La lluvia golpea los ventanales como si quisiera entrar a la
 fuerza. El reloj digital de la sala parpadea 02:17 a. m., y
 Valentina Ríos no ha dormido ni un minuto. La redacción
 cerró hace horas, pero ella sigue frente a su laptop, rodeada de tazas vacías y carpetas abiertas como heridas que se niegan a cerrar.
 Su celular vibra sobre la mesa. Un número desconocido
 aparece en pantalla.
 —¿Quién diablos llama a esta hora? —murmura, frunciendo el ceño.
 Contesta sin pensarlo demasiado.
 —¿Valentina Ríos? —La voz es masculina, grave,
 distorsionada como si hablara a través de un filtro.
 —¿Quién habla?
 —No importa quién soy. Escucha con atención. Lo que vas a encontrar cambiará todo… pero si te equivocas, te matarán.
 Un clic seco. La llamada se corta. Valentina aprieta el celular con fuerza.
 —Genial. Un loco más —masculla, pero algo en su interior
 se agita.
La vibración vuelve, esta vez con un mensaje. Es una imagen pixelada, acompañada de unas coordenadas: 11.9835° N, 45.7731° O. En la esquina inferior se ve un emblema negro con forma de eclipse.
 Valentina se pone de pie. Su instinto de periodista le ruge al oído: Ahí hay una historia.
 Enciende la pantalla de la laptop y teclea rápido. Las
 coordenadas apuntan a una zona restringida en la costa
 norte de Costa Bruma, donde supuestamente no hay nada.
 Solo mar abierto y un viejo muelle abandonado. Pero… hay
 algo más. Una luz parpadeante en imágenes satelitales.
 —Esto no es casualidad —susurra.
 Agarra su grabadora, una linterna y su chaqueta
 impermeable. No llama a nadie. No quiere testigos, ni
 consejos que la hagan retroceder. Sale al pasillo oscuro de su edificio y siente cómo la humedad nocturna se pega a su piel.
 El muelle huele a óxido y sal podrida. Las tablas de madera crujen bajo sus botas. La linterna ilumina lo justo para no
 tropezar.
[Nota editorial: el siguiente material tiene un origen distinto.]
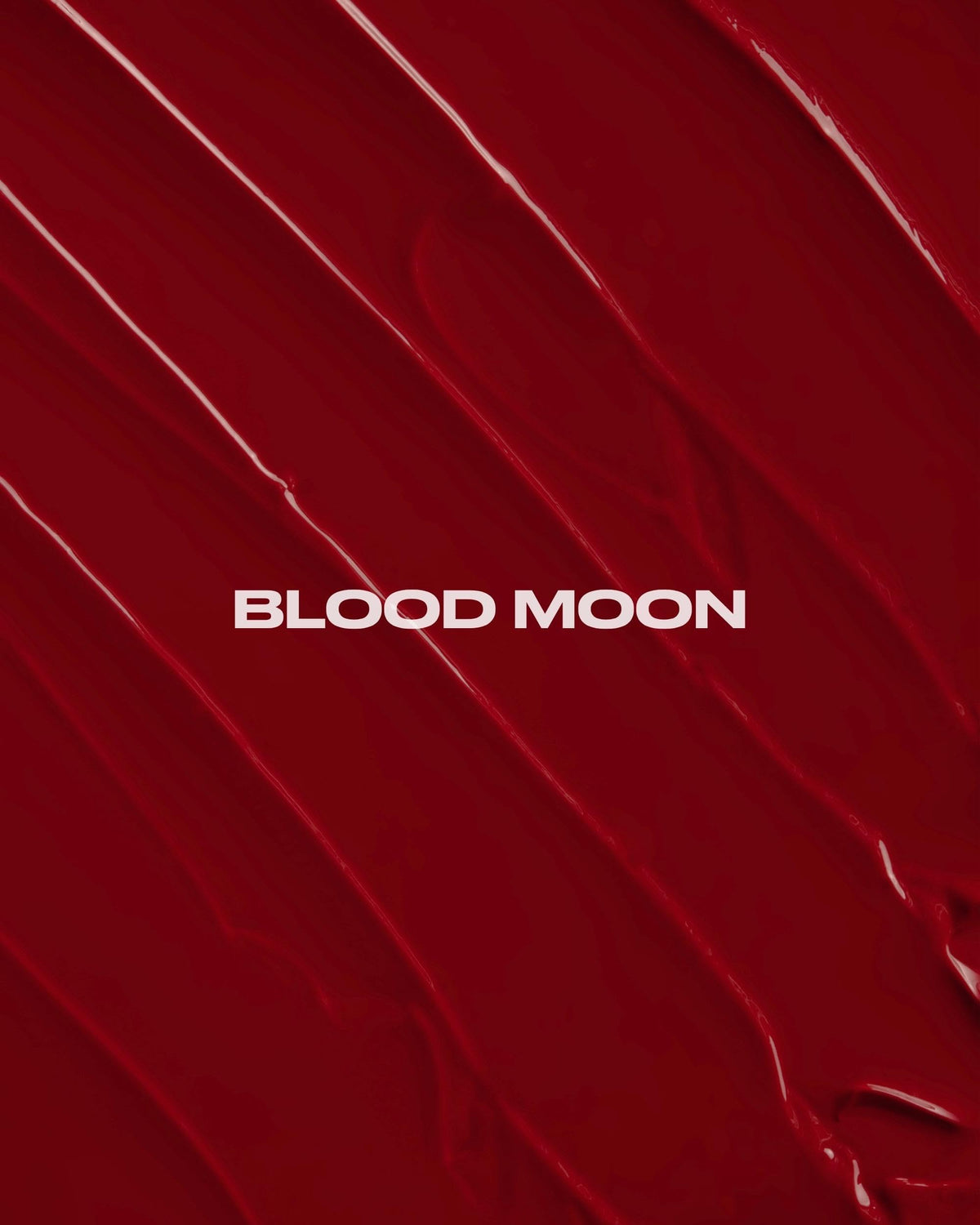 Lunar Tides Semi-Permanent Hair Color Blood Moon with brush and gloves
En medio de la oscuridad, escucha el rumor de
 motores lejanos, como si algo pesado se moviera bajo el agua.
 —No me gusta esto… —susurra, pero avanza igual.
De pronto, un haz de luz atraviesa la neblina desde el extremo del muelle. Una figura alta, encapuchada, la observa en
 silencio.
 —¡Oye! ¿Quién eres? —grita.
 La figura no responde. Da un paso hacia atrás… y
 desaparece entre las sombras.
 Valentina corre tras ella. El muelle tiembla cuando una
 explosión retumba a pocos metros. Un contenedor metálico
 estalla en mil pedazos. La onda de choque la lanza al suelo.
 El eco del estallido se mezcla con el rugido del mar.
 Aturdida, Valentina se incorpora. La figura encapuchada
 lucha contra dos hombres armados, vestidos de negro, con máscaras tácticas. Se mueven con precisión militar. Ella
 retrocede instintivamente, escondiéndose tras un pilar.
 Uno de los atacantes apunta hacia la figura. Un disparo corta el aire. Chispa. Grito. El encapuchado responde con un movimiento seco y derriba al primero de un golpe certero.
 El segundo la ve. A Valentina. Sus ojos fríos brillan bajo la
 máscara. Levanta el arma.
 El tiempo se ralentiza. El corazón le retumba en los oídos.
 Pero antes de que dispare, el encapuchado se interpone, lo desarma con brutal eficacia y lo lanza al agua.
Valentina jadea. La figura se vuelve hacia ella. Por primera
 vez, ve su rostro a la luz de la linterna: un hombre de mirada intensa, mandíbula firme, empapado por la lluvia.
 —Si quieres vivir, muévete —dice con voz ronca.
 Ella duda un instante… pero da un paso hacia él.
 En la distancia, en una torre de vigilancia, Mara Lenz
 observa la escena a través de una cámara térmica.
 —Así que finalmente apareciste, Valentina Ríos —dice con
 una sonrisa helada—. Que comience el juego.